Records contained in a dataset
*** Begin section ***

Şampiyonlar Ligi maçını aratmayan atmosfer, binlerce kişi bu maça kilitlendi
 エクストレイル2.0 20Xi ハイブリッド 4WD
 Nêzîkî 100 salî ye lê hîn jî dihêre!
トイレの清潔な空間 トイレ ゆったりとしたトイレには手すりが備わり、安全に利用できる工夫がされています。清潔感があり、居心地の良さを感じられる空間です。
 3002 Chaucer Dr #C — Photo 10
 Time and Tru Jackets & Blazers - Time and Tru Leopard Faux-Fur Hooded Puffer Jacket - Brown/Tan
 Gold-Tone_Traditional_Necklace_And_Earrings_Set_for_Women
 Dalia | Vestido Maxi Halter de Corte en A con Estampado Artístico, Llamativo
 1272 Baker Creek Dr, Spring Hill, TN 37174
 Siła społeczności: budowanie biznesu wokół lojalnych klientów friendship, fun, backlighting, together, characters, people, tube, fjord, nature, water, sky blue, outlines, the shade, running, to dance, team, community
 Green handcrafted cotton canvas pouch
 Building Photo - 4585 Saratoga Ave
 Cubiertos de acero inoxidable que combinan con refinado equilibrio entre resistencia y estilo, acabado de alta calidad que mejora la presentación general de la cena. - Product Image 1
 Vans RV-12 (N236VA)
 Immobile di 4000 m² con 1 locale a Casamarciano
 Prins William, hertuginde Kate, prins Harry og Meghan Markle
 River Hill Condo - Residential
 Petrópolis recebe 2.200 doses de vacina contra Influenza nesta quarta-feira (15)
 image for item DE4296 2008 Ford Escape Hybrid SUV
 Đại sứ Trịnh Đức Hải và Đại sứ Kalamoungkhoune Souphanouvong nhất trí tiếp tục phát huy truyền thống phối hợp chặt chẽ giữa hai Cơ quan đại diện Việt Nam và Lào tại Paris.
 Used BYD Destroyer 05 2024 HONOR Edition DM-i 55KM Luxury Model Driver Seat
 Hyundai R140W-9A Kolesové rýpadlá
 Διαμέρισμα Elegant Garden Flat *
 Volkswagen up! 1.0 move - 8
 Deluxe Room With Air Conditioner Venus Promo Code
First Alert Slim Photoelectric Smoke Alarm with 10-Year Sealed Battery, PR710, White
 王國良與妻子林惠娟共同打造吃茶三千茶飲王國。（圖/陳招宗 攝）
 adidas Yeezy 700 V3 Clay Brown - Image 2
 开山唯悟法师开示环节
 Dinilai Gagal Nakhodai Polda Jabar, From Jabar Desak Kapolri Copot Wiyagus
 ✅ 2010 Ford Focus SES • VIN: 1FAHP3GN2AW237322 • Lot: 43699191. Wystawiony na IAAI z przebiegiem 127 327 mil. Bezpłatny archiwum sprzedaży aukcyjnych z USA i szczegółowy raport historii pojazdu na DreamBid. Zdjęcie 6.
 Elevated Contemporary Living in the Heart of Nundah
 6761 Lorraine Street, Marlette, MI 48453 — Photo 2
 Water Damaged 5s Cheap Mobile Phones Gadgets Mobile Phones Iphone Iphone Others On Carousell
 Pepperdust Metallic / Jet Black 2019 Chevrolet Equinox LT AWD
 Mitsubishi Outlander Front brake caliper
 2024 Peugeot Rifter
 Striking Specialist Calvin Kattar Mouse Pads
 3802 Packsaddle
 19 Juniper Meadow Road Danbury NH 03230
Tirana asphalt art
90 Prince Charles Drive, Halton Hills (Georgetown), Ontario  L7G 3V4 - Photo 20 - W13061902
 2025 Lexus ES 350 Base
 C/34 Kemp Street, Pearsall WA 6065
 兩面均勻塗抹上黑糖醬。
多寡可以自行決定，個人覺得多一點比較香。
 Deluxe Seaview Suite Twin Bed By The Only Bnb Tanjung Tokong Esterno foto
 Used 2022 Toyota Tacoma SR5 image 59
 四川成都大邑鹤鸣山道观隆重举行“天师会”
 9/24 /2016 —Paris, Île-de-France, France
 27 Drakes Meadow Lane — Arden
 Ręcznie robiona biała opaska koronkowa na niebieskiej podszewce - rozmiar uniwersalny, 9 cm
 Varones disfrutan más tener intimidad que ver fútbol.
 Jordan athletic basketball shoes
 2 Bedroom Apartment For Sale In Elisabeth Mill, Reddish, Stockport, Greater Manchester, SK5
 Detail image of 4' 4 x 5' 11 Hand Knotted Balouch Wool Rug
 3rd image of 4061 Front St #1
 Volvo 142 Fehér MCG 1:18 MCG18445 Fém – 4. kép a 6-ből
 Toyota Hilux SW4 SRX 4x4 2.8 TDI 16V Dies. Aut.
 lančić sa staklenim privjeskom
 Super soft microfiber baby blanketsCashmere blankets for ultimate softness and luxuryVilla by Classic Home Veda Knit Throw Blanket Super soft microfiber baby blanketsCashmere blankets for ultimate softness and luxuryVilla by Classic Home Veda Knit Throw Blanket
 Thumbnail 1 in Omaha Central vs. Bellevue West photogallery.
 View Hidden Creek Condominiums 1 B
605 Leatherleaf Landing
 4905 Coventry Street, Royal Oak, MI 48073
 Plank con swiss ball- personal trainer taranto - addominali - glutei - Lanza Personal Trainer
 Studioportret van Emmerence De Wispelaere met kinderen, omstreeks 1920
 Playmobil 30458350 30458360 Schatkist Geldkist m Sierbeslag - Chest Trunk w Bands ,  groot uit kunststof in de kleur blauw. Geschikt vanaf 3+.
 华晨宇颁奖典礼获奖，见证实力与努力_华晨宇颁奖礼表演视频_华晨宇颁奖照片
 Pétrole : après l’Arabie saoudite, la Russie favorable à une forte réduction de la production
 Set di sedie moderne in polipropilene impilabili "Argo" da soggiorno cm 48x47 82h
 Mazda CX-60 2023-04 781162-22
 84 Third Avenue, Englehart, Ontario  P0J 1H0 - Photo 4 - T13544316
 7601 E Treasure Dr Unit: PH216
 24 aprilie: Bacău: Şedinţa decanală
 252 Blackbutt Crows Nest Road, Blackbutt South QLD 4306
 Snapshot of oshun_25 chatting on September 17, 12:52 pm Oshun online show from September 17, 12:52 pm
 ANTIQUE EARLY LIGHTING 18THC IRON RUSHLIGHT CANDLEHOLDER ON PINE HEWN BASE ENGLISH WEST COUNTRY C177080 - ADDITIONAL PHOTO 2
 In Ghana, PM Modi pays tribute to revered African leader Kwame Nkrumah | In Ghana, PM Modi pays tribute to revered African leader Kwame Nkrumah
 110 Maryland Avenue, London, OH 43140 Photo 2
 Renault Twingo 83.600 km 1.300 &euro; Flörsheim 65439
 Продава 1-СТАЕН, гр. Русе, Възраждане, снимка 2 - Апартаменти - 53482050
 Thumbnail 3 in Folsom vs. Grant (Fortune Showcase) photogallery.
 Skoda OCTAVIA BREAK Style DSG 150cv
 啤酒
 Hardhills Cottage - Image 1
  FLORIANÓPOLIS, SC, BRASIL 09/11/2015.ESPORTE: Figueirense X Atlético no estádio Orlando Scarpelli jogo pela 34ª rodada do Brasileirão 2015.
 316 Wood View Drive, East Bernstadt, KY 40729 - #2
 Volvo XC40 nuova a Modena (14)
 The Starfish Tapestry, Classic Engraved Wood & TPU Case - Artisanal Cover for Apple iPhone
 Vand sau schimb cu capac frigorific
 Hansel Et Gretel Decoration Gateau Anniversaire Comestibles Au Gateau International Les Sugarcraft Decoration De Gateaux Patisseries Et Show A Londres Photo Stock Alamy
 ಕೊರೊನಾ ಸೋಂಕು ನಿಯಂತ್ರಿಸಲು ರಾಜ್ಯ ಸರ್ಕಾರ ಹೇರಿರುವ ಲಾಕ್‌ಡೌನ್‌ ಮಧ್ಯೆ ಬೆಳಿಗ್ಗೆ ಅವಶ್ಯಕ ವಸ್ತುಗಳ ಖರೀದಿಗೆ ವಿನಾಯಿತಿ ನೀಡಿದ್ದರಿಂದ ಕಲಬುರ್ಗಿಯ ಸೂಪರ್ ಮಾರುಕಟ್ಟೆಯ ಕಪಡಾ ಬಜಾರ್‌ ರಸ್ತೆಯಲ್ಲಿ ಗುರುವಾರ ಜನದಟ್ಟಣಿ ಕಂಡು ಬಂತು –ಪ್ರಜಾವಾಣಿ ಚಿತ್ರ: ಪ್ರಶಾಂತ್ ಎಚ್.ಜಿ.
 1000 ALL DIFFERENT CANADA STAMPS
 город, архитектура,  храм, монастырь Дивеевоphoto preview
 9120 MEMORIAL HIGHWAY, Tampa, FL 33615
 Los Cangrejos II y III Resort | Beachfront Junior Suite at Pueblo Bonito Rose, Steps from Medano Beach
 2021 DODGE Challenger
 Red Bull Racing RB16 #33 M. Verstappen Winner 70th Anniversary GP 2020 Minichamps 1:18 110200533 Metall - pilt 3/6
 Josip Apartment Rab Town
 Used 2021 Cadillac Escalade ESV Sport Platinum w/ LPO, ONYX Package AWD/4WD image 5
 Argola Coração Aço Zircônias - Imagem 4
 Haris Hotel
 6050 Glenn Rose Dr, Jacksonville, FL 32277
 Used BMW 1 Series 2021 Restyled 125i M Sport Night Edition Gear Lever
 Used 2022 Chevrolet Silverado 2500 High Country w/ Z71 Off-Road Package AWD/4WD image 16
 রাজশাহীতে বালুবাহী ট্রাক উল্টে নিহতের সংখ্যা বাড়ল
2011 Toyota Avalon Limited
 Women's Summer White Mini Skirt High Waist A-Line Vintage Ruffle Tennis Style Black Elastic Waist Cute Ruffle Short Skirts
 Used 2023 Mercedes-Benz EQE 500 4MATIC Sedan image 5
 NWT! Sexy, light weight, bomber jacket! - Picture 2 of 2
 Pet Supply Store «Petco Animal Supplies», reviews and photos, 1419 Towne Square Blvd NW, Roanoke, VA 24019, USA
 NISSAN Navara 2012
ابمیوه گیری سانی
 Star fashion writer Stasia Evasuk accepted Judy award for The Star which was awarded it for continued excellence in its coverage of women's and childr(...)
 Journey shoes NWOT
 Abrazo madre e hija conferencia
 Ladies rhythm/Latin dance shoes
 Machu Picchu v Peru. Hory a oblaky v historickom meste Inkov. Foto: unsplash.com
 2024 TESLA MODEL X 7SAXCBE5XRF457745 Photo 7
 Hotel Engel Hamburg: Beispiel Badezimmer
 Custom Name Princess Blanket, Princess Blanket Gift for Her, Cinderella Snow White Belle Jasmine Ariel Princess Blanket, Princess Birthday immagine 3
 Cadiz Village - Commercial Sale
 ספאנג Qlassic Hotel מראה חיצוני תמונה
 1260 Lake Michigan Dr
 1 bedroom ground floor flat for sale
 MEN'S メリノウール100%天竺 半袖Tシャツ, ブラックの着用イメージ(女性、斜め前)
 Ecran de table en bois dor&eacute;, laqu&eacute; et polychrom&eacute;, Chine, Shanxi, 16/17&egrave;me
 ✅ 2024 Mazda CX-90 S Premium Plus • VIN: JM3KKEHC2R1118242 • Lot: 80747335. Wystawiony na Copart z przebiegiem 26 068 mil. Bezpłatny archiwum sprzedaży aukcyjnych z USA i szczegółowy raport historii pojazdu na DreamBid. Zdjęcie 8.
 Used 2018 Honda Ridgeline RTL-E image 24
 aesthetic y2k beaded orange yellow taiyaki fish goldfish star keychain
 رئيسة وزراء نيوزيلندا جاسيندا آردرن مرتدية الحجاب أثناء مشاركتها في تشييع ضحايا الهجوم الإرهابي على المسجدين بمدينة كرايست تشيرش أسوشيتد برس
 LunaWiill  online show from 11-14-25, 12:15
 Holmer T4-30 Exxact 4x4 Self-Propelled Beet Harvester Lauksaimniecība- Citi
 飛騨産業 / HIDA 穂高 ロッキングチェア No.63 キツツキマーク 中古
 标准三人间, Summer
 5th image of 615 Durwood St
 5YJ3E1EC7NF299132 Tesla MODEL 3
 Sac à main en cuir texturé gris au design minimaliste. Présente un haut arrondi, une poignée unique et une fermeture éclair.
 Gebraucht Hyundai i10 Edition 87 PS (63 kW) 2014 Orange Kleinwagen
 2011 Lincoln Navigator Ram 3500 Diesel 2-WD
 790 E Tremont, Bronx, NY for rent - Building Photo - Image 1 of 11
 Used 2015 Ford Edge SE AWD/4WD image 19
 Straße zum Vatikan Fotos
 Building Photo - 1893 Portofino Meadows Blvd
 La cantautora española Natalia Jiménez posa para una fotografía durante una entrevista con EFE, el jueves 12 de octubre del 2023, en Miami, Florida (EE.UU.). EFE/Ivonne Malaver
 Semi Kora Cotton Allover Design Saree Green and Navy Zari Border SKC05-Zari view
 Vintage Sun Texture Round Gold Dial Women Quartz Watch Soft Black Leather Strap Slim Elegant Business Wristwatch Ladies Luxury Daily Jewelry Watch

*** End section ***

(WHAT IS REQUIRED):
Retype every line up to and including the one that contains "River Hill Condo - Residential", beginning at the first line of the records, with no edits.

(EXERCISE OUTPUT):
Şampiyonlar Ligi maçını aratmayan atmosfer, binlerce kişi bu maça kilitlendi
 エクストレイル2.0 20Xi ハイブリッド 4WD
 Nêzîkî 100 salî ye lê hîn jî dihêre!
トイレの清潔な空間 トイレ ゆったりとしたトイレには手すりが備わり、安全に利用できる工夫がされています。清潔感があり、居心地の良さを感じられる空間です。
 3002 Chaucer Dr #C — Photo 10
 Time and Tru Jackets & Blazers - Time and Tru Leopard Faux-Fur Hooded Puffer Jacket - Brown/Tan
 Gold-Tone_Traditional_Necklace_And_Earrings_Set_for_Women
 Dalia | Vestido Maxi Halter de Corte en A con Estampado Artístico, Llamativo
 1272 Baker Creek Dr, Spring Hill, TN 37174
 Siła społeczności: budowanie biznesu wokół lojalnych klientów friendship, fun, backlighting, together, characters, people, tube, fjord, nature, water, sky blue, outlines, the shade, running, to dance, team, community
 Green handcrafted cotton canvas pouch
 Building Photo - 4585 Saratoga Ave
 Cubiertos de acero inoxidable que combinan con refinado equilibrio entre resistencia y estilo, acabado de alta calidad que mejora la presentación general de la cena. - Product Image 1
 Vans RV-12 (N236VA)
 Immobile di 4000 m² con 1 locale a Casamarciano
 Prins William, hertuginde Kate, prins Harry og Meghan Markle
 River Hill Condo - Residential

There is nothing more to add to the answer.